L'anno che verrà – Ma che sarà del Cavallino la prossima stagione? Pensare a un miglioramento improvviso e radicale rispetto al 2014, immaginare che la Ferrari possa lottare per il titolo, appare come uno sterile esercizio di ottimismo della volontà, slegato dalla realtà. Intanto, la line-up per il 2015 non è ancora ufficialmente definita. L'annuncio del passaggio di Alonso in McLaren e dell'arrivo di Vettel in Ferrari, che il tedesco si è lasciato sfuggire in italiano a Sky, è rimandato al 1 dicembre perché a Woking ancora non hanno deciso chi affiancare all'asturiano, che spinge per avere Button e non Magnussen come compagno di squadra. E' un rinvio pro-forma, comunque: Vettel non rischia certo di ritrovarsi come il connazionale Hulkenberg che l'estate scorsa aveva firmato un pre-contratto con il Cavallino, salvo vedersi poi preferire il cavallo di ritorno Raikkonen. Anche dal punto di vista della macchina, i segnali non sono così incoraggianti. Le prime simulazioni hanno mostrato una power unit ancora lenta, e le innovazioni aerodinamiche viste anche in Brasile, soluzioni che fanno già parte del progetto della Ferrari 2015, non hanno portato miglioramenti significativi nelle prestazioni in gara. Pat Fry continua a ripetere che il team sa cosa fare, sa dove lavorare, ma le sue parole suonano come una vecchia canzone ormai quasi svuotata di senso. Finora però hanno pagato solo i motoristi, mentre i progettisti come Tombazis, che hanno accumulato progetti deludenti e insufficienti soluzioni, sono ancora lì a ripetere che sanno cosa fare per migliorare. Ma delle due l'una, o non sanno ancora come trasformare le intenzioni in realtà, o sono anche loro a metà di un guado da cui è difficile comprendere come e soprattutto quando uscire a rivedere le stelle. Eppure, anche senza successi, il brand del Cavallino si rinforza, e i bilanci non sono mai stati così positivi in termini di fatturato e di modelli venduti come nel 2014.

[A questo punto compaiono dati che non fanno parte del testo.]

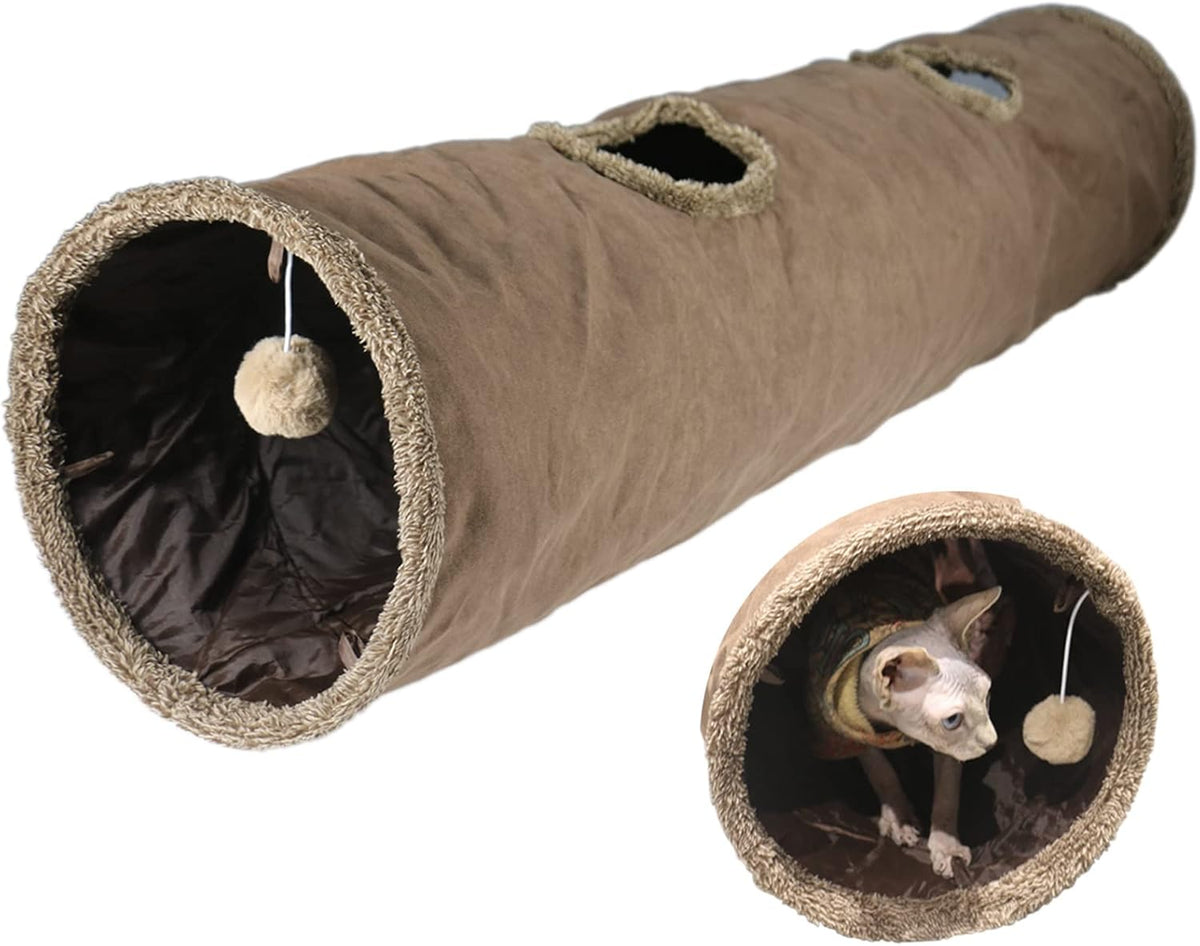 Cat Tunnel for Indoor Cats, 51×12 inch Foldable Big Cat Tunnel - Brown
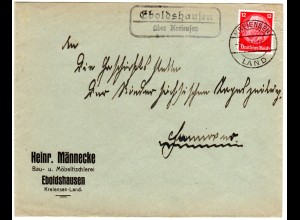 DR 1933, Landpost Stpl. EBOLDSHAUSEN über Kreiensen auf Firmen Brief m. 12 Pf. 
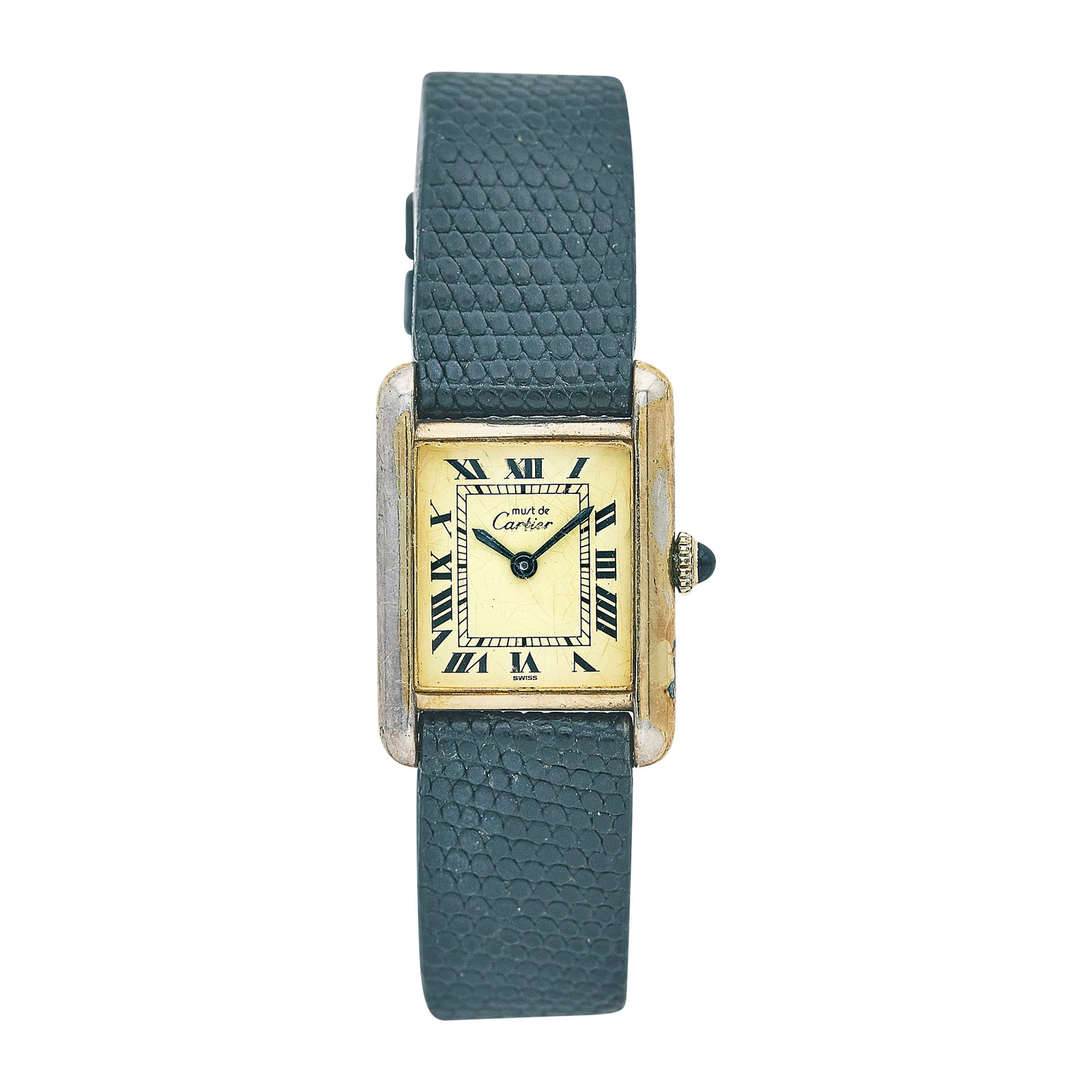 Cartier Must De Cartier 18K Yellow Gold Plated Sterling Silver Watch Ref. 59005, circa 1990: BRAND: Cartier; STYLE: Must de Cartier; REF. #: 59005; CONDITION: Pre-owned, Fair; YEAR: Circa 1990; ADDITIONAL COMMENTS: Scratches throughout watch, Scratches throughout crystal; CASE SIZE (mm): 28 x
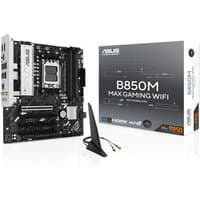 ASUS B850M MAX GAMING WIFI micro ATX motherboard, black with silver accents, includes WiFi antenna and packaging box.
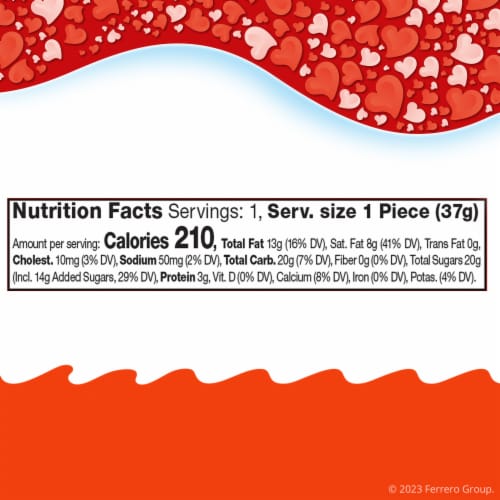 Kinder Love Individually Wrapped Milk Chocolate Heart Perspective: top
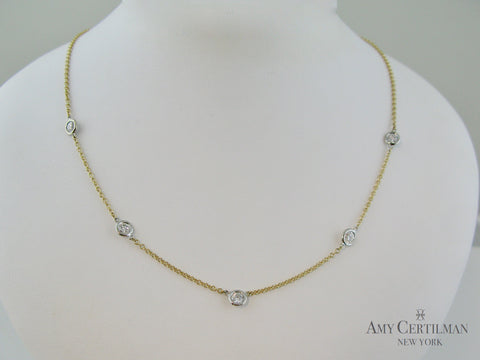 bezel diamond necklace with Lab Cultured diamonds
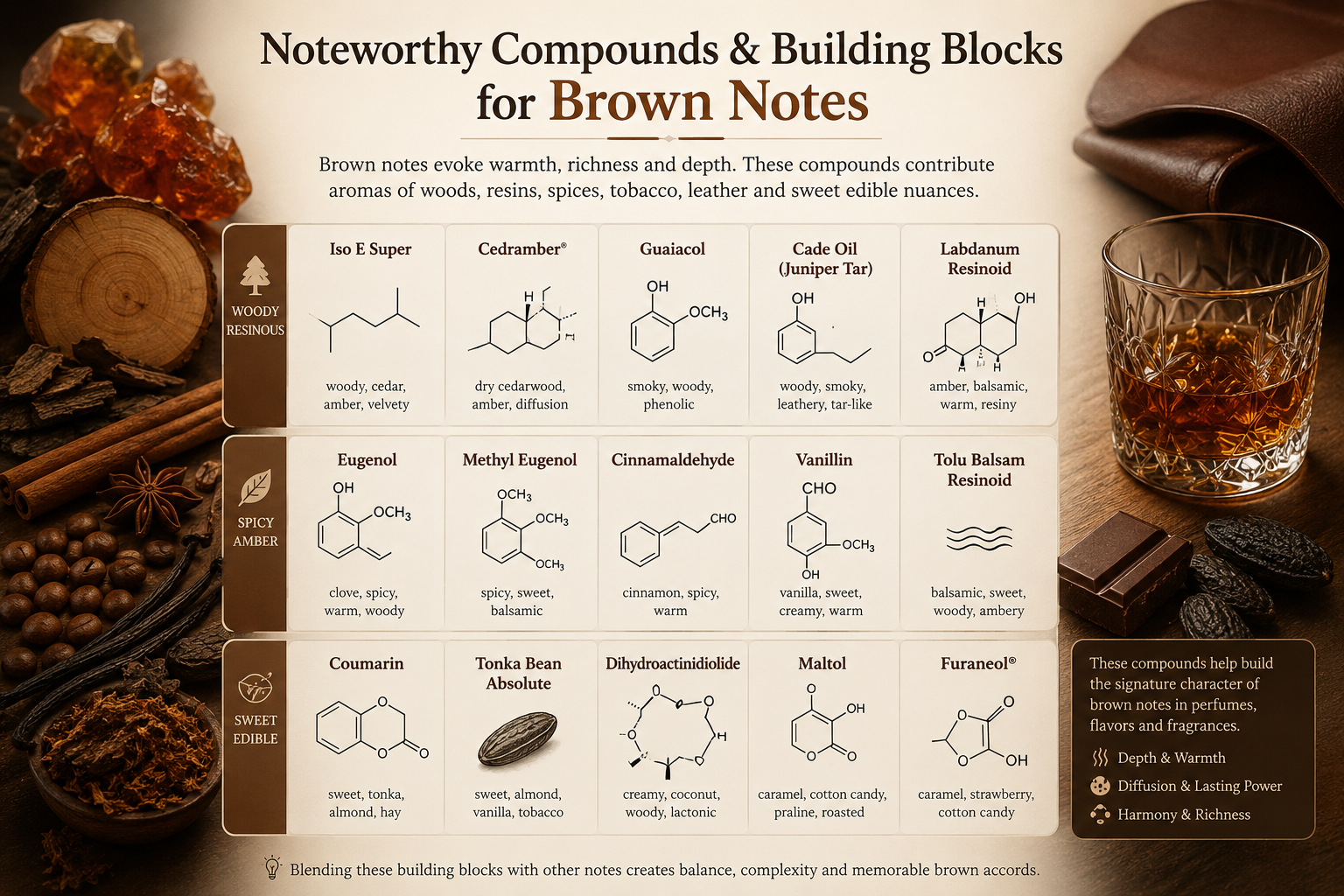 Noteworthy:  Compounds and building blocks for brown notes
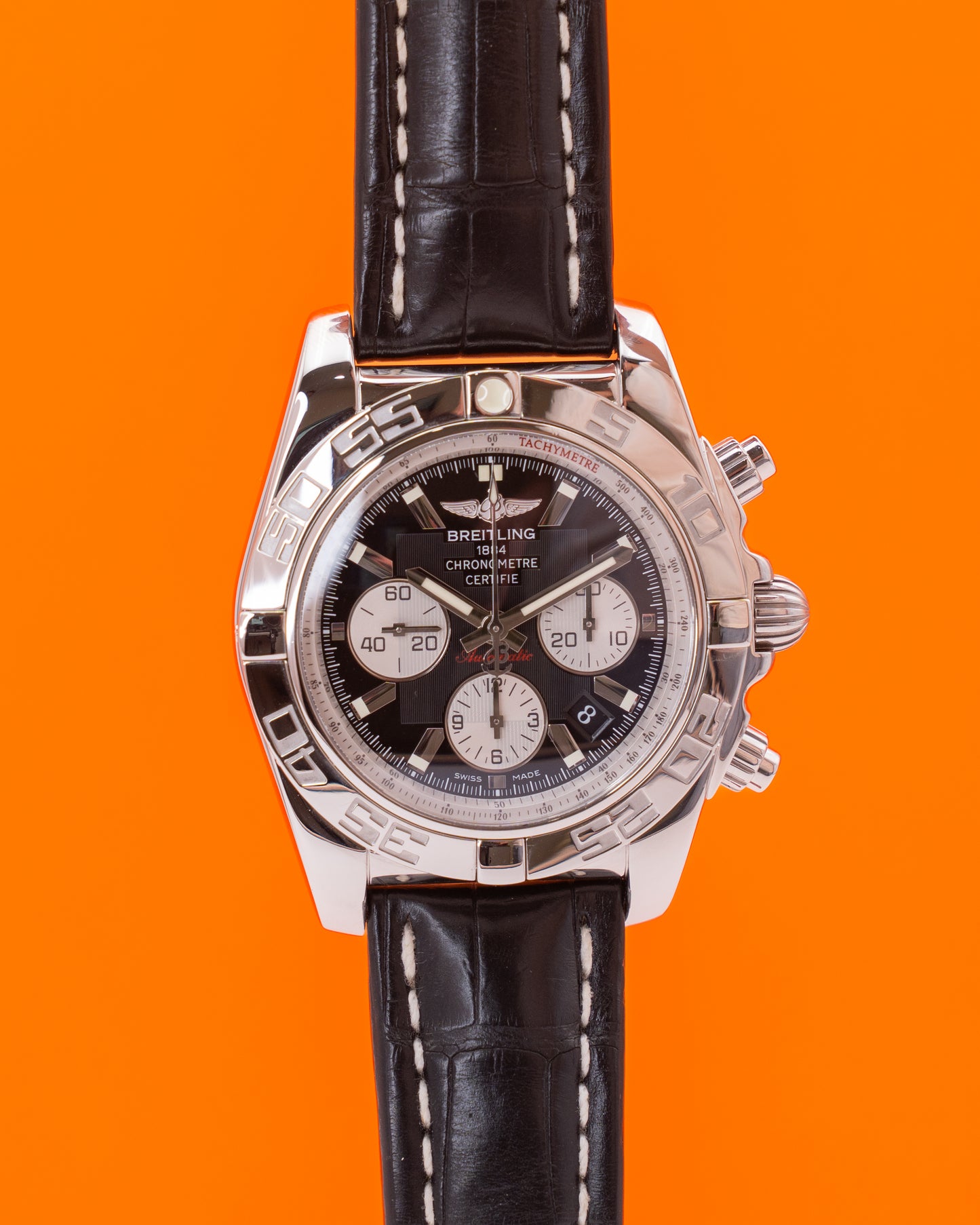 Breitling Chronomat 44mm AB0110 Inverted Panda Chrono on Leather Strap 2013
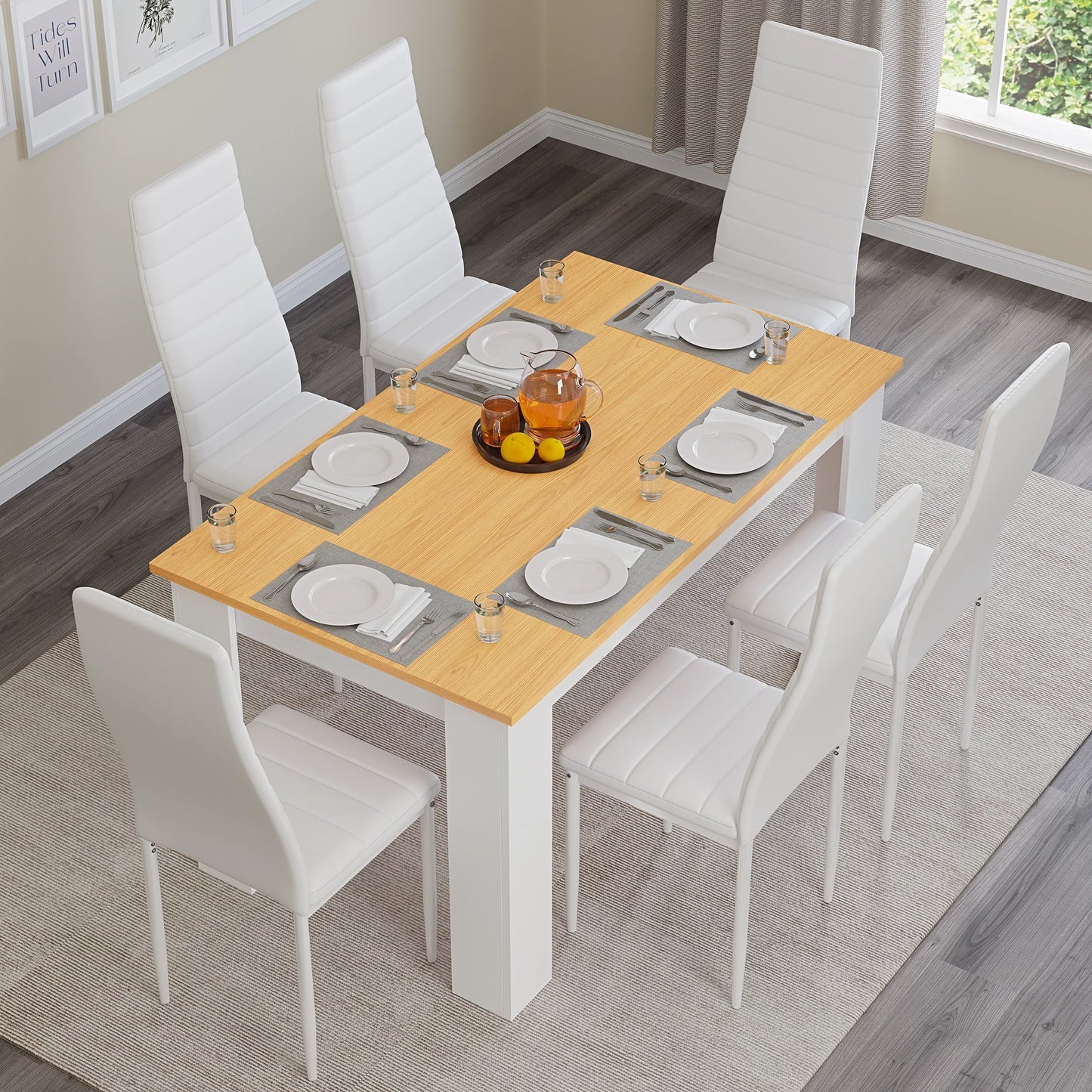 Dining Table Set With 4 & 6 Chairs in Black, Grey & White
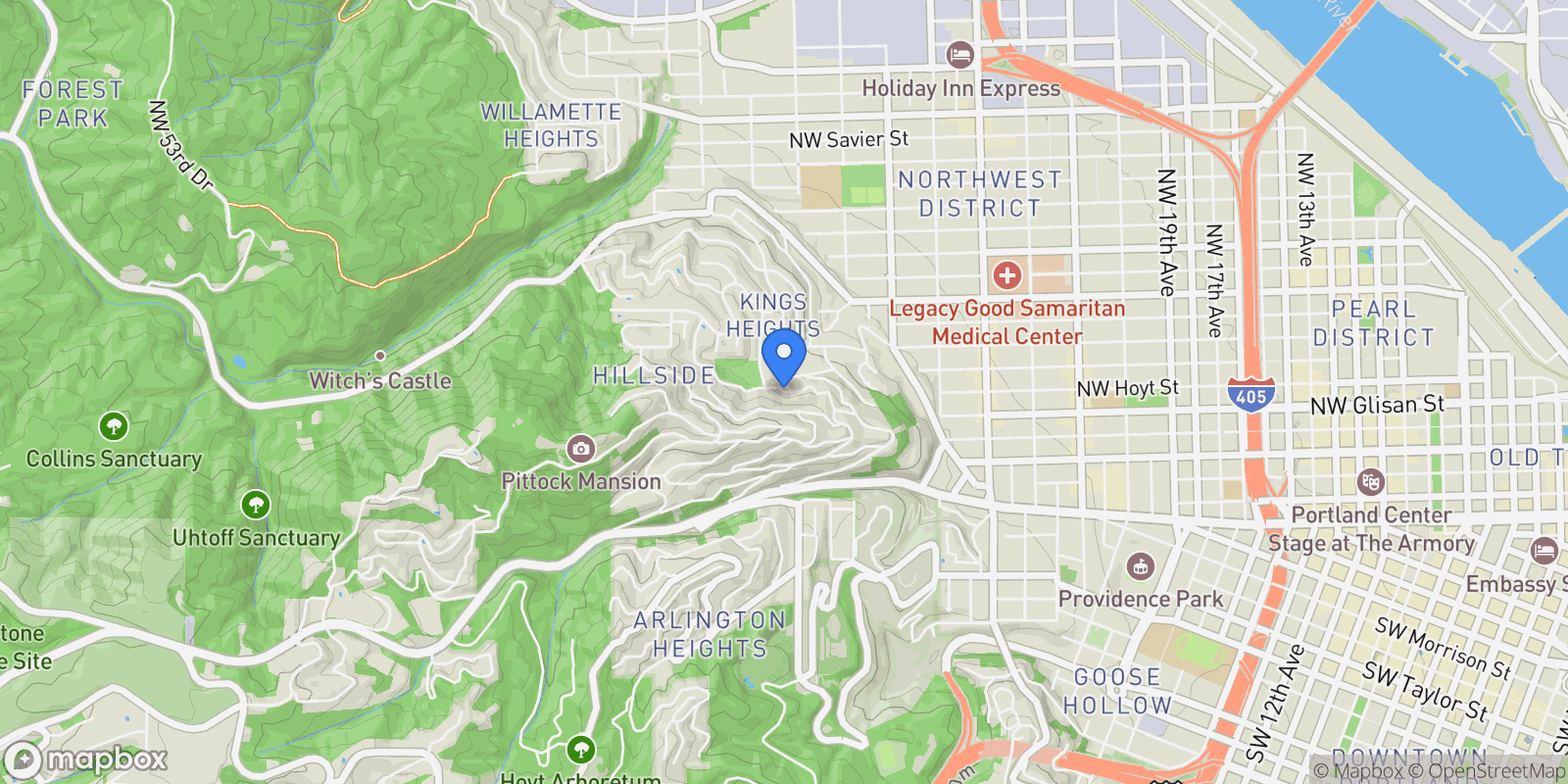 Map showing 2802 NW Ariel Ter, Portland, OR 97210, Portland, Oregon, United States.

Futuro incerto – Dal 2015 la Ferrari “correrà da sola”, dopo lo scorporo dell'azienda dalla FCA e la quotazione a Wall Street e su una piazza europea del 10%, con Piero Ferrari che detiene un altro 10% e il restante 80% distribuito ai soci. Un cambio che dovrebbe giovare alla FCA e agli Elkann, che spiega la forte accelerazione nella sostituzione di Montezemolo, contrario alla quotazione a Wall Street in quanto le esigenze di trasparenza avrebbero potuto far perdere vantaggi competitivi alla Rossa. Vantaggi che però in pista la Ferrari ha già perso da tempo. E chissà quando li ritroverà.